D'un point de vue structurel, la crise peut également être interprétée comme le résultat de déséquilibres résultant d'une antinomie entre les régimes de croissance des principales économies mondiales . La complémentarité apparente des économies nationales (par exemple la complémentarité entre épargne asiatique et consommation américaine) ne doit pas masquer les facteurs de tension et les risques de crise qu'engendrent les déséquilibres internationaux. Le manque de coordination est d'autant plus préjudiciable que le cadre monétaire est commun, comme c'est le cas en zone euro.
I. UNE REPRISE INCERTAINE APRÈS UNE RÉCESSION MONDIALE HISTORIQUE
A. UNE RÉCESSION MONDIALE HISTORIQUE
La crise financière, qui s'est déclenchée au cours de l'été 2007, est simultanément la plus forte crise financière depuis celle de 1929, et la plus grave récession mondiale depuis celle de l'après-guerre. Au cours du premier trimestre 2009, l'activité mondiale s'est contractée de 6,5 %. Sur l'ensemble de l'année, le commerce mondial s'est rétracté de 12,5 %.
ÉCARTS DE PRODUCTION 1 ( * )
DIFFÉRENCE ENTRE LE PIB EFFECTIF ET LE PIB
POTENTIEL,
EN % DU PIB POTENTIEL
Note : méthode OCDE de calcul des PIB potentiels (Document de travail du Département des affaires économiques de l'OCDE n° 482) ; sur la notion de PIB potentiel, voir le chapitre 1 de la deuxième partie du présent rapport.
Source : OCDE
En France, la récession, qui devrait être légèrement supérieure à 2 % en 2009, est moins grave que dans la zone euro dans son ensemble (-3,9 %), mais plus grave que lors des deux récessions précédentes de 1993 et 1975.
L'enchaînement chronologique de la crise débuta avec la crise du crédit hypothécaire à risque américain (subprime), c'est-à-dire une crise de surendettement : la croissance excessive du crédit s'était fondée, au cours des années précédentes, sur la perspective d'une augmentation rapide et continue des actifs notamment immobiliers, la bulle immobilière et la bulle du crédit se nourrissant réciproquement.
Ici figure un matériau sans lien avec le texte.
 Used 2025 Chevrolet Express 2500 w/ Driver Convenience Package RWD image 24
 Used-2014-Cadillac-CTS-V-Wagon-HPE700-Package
L'assouplissement des conditions de crédit, associé à la dilution des risques, par le biais de la titrisation, a créé un système instable qui s'est effondré lors du retournement du marché immobilier américain.
Deux facteurs d'aggravation des crises financières 2 ( * ) se sont retrouvés dans celle-ci :
- d'une part, une interdépendance entre plusieurs marchés d'actifs ;
- d'autre part, une fragilisation du système bancaire .
La crise financière s'est rapidement transmise à l'économie réelle , par les canaux habituels de transmission des chocs entre économie financière et économie réelle :
- la dépréciation des actifs bancaires a encouragé les établissements financiers à restreindre l'accès au crédit des ménages et des entreprises, ce qui se traduit négativement en termes de consommation et d'investissement ;
- la chute des marchés financiers a provoqué des effets de richesse négatifs qui ont impacté la demande globale.
Ces effets de contagion ont été aggravés par une rupture de confiance généralisée des entreprises et des ménage s, confrontés aux nécessités du désendettement.
Des signes de reprise se sont toutefois manifestés dès la mi-2009.
* 1 L'écart de production mesure la différence entre le niveau effectif de la production et ce que serait le niveau de production sans inflation si tous les facteurs étaient employés.